Existe uma variação natural da produtividade biológica da zona costeira em função do regime hídrico de cada região. No Nordeste, por exemplo, a zona costeira além de ser mais fertilizada durante o período chuvoso entre maio até setembro (+ ou -) também tem mais larvas de camarões e caranguejos. O período também é propício à alimentação das ostras, sururus e bacucus, iguarias dos estuários nordestinos, devido ao maior aporte de material biogênico particulado, do qual se alimentam por filtração. O resultado é uma desova mais abundante em outubro, no final do período chuvoso.
Esses são apenas alguns aspectos importantes dessa relação entre drenagem continental de água doce e o mar.
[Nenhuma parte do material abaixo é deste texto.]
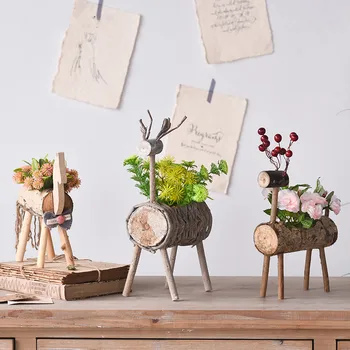 

[HHT] Nordic Creative Log Fawn Flower Pot Pastoral Simulation Flower Deer Ornaments Table Office Floral Home Decoration Crafts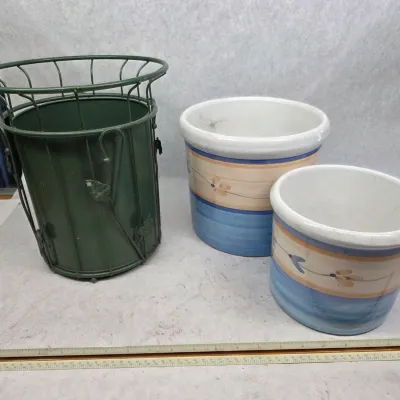 2 Vintage Ceramic Crock Planters w/ Green Metallic Planter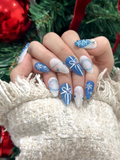 Frosty Blue Winter Gift Press On Nails For Christmas | Snowflake Glitter Christmas Nails | Blue White Holiday Set | 3D Icy Tree Accent | OC930EC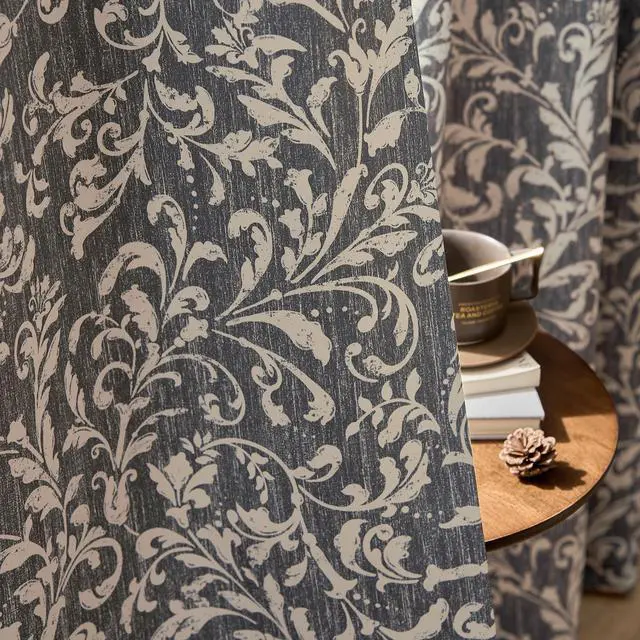 Alt view image 4 of 7 - Vintage Curtains 84 Inch Long Cream Scroll Floral Blue Curtians for Living Room Bedroom Room Darkenign Drapes Thermal Insulated Classic Traditional Privacy Grommet Top 2 Panels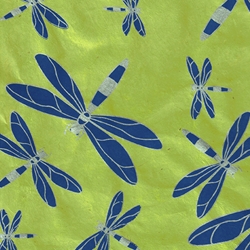 **NEW!** Nepalese Lokta- Dragonflies in Blue and Silver on Citron 20x30" Sheet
Existem inúmeras outras, tão importantes para a pesca e a integridade biológica dos sistemas marinhos costeiros.
No entanto, o equilíbrio dessa relação está sendo pouco a pouco alterado. Além do desmatamento e da poluição na bacia de drenagem dos rios que desembocam no mar, contaminando cada vez mais a zona costeira com entrada excessiva de sedimentos e produtos tóxicos, a alteração do fluxo hídrico e do volume de água dos rios na foz representa um dos piores fatores de alteração dessa relação entre água doce e a água do mar na zona costeira global. É fácil concluir que quando diminui o volume de água doce transportada para a zona costeira, sua fertilidade também diminui além dos problemas geomorfológicos tais como alterações de linha de costa. De acordo com o livro de Lord Selbourne (UNESCO, 2001), em 1986 haviam 36.235 barragens de grande porte , com mais de 15 metros de altura, em todo o mundo, e desde então uma média de 267 novas barragens foram construídas anualmente. Se essa média se manteve, estima-se que até 2006 teremos mais de 41.000 barragens grandes, além das milhares de barragens de médio e pequeno porte.
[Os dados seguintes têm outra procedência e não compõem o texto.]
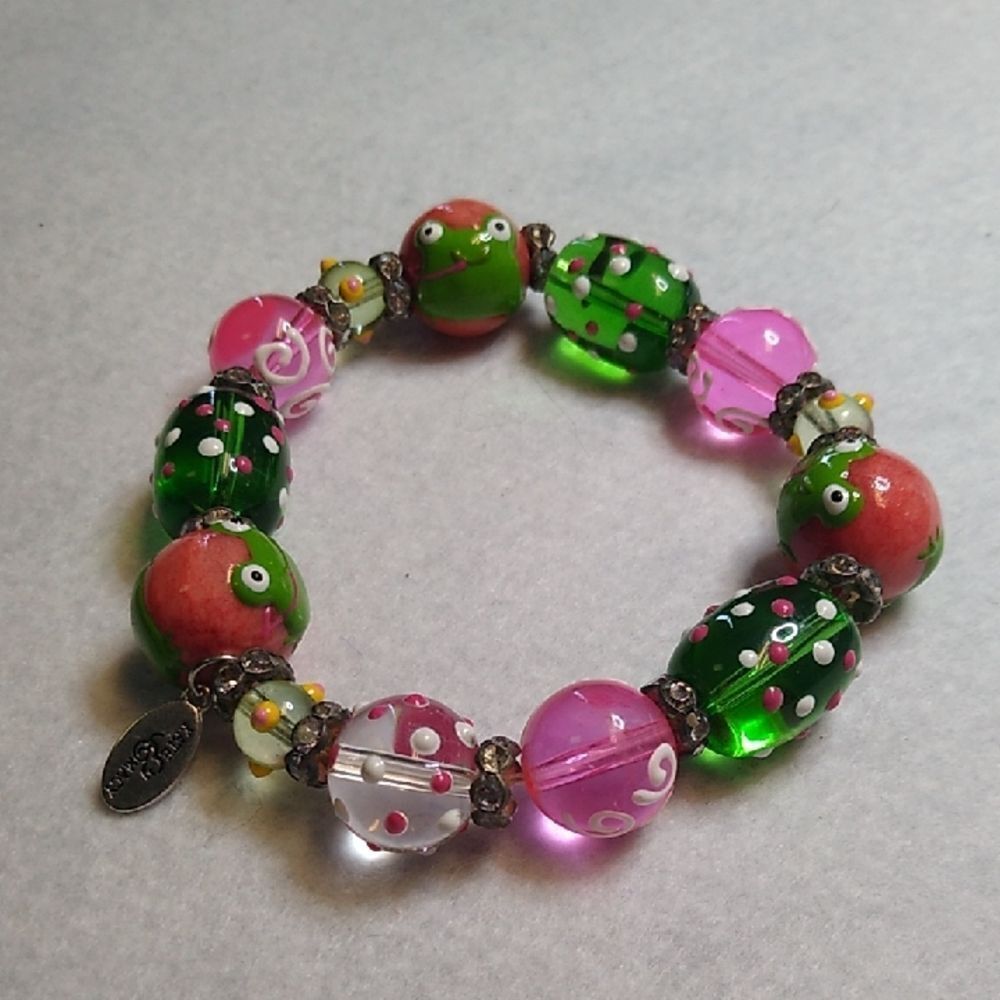 Kate& Macy Colorful Beaded Stretch Bracelet Metal tag Cottagecore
Essa retenção em massa de água doce nos continentes, somado aos milhares de projetos de transposição que desviam o fluxo hídrico para a agricultura, podem diminuir consideravelmente o fluxo de nutrientes e material orgânico particulado para a zona costeira, além de alterar os gradientes estuarinos naturais e destruir a estabilidade biológica e geológica que evoluíram em função desses gradientes e fluxos. Se isso virar moda, nós terráqueos vamos ter um problema muito sério, talvez irreversível. O ciclo não muda, mas o que muda são as quantidades de água nos reservatórios ao longo do ciclo. A alteração dos padrões globais do ciclo hidrológico. Antes havia mais água doce fluindo para a zona costeira, mas agora encontra-se retida nas barragens. Antes também havia mais água doce nos aquíferos, mas agora devem estar indo para o mar.
No Brasil, o caso mais grave pode ser o da foz do Rio São Francisco. Nos últimos 10 anos as barragens no Médio São Francisco retiveram sedimentos, provocando déficit de areia na foz e erosões graves da linha da costa. O resultado foi o recuo de quase 300 metros ameaçando sumir com o povoado de Cabeço. A região também se tornou menos fértil e locais de pesca tradicionais foram substituídos por outros a montante do rio, cuja desembocadura se saliniza cada vez mais à medida que o volume de água doce diminui. E isso pode se agravar pelo tão polêmico projeto de transposição de suas águas para irrigar o polígono das secas no Nordeste. Dizem que são apenas 26 metros cúbicos a menos na vazão do rio. Só que fazendo as contas isso representa uma perda anual de mais de 800 milhões de metros cúbicos de água para a zona costeira, sem contar com a areia e a matéria orgânica particulada, vitais para os processos de estabilidade geológica e para os recursos pesqueiros da região costeira. Os homens não aprendem, e o “Velho Chico” que se cuide.